Excluding resting time, a quick pan sear of around 4–6 minutes will cook your spider steak to medium-rare or medium. For the best texture and flavour, avoid cooking beyond medium.

How to Cook Spider Steak

  1. Take your spider steaks out of the fridge and remove them from their packaging. Pat dry with kitchen paper and allow to come up to room temperature.
  2. Heat a griddle or heavy-based frying pan until smoking hot.
  3. Just before cooking, rub both sides of the steaks with a neutral oil that has a high smoking point, then season generously with sea salt and cracked black pepper.
  4. Place the steaks in the hot pan and sear for around 2 minutes on each side. Avoid moving them — they’ll naturally release once a golden crust has formed.
  5. Reduce the heat slightly and continue cooking for a total of 4–6 minutes, turning every 30 seconds.
  6. Remove from the pan and rest in a warm place for 6 minutes.
  7. Slice with the grain to retain tenderness.

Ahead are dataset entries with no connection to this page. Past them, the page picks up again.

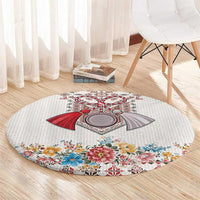 Romania Happy Martisor Day 1 March Round Carpet Martenitsa and Peony Romanian Traditional Pattern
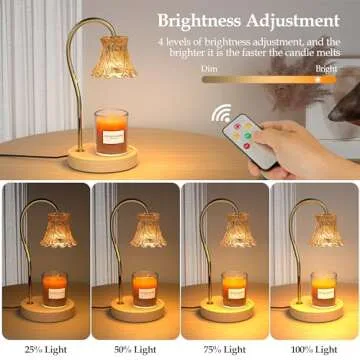 Touch Control Candle Warmer Lamp, Wireless Remote Candle Lamp with Timer & Dimmer, Wax Warmer for Scented Wax Compatible with Yankee Candle Large Jar, Electric Candle Warmer with 2 Bulbs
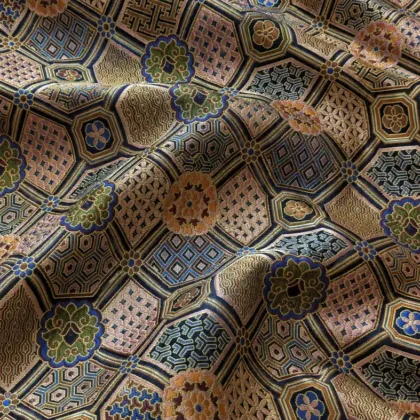 KashiFab CHO Tibetan Brocade - Peach Hexagon flower lattice - KF-CHO #17241 Tibetan brocade Varanasi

Top Tips for Cooking Beef Spider Steak

To check how done your spider steak is, the finger test is a simple and effective guide. Gently press the tip of your middle finger to the tip of your thumb. The fleshy part just below your thumb will feel like medium-rare – soft and yielding but still fleshy. For medium, press your ring finger to your thumb; the area should feel slightly firmer.

For an extra layer of flavour, finish the steaks with a generous knob of quality butter and baste in the final minute or two of cooking. This adds a rich gloss and enhances the natural, beefy character of this flavour-packed cut. Rest well before slicing to lock in juices.

  • Let it rest before cooking
    Remove your spider steaks from the fridge and packaging well in advance to bring them up to room temperature. This helps ensure even cooking.

  • Use a hot pan and minimal oil
    Get your pan smoking hot before the steaks go in. A small amount of oil with a high smoking point (like groundnut or vegetable oil) is all you need.

  • Let the pan do the work
    Avoid moving the steak around too much. Let it sear undisturbed so a rich, golden crust can develop.

  • Turn frequently
    Turn your steaks every 30 seconds during cooking to help build an even crust and maintain tenderness.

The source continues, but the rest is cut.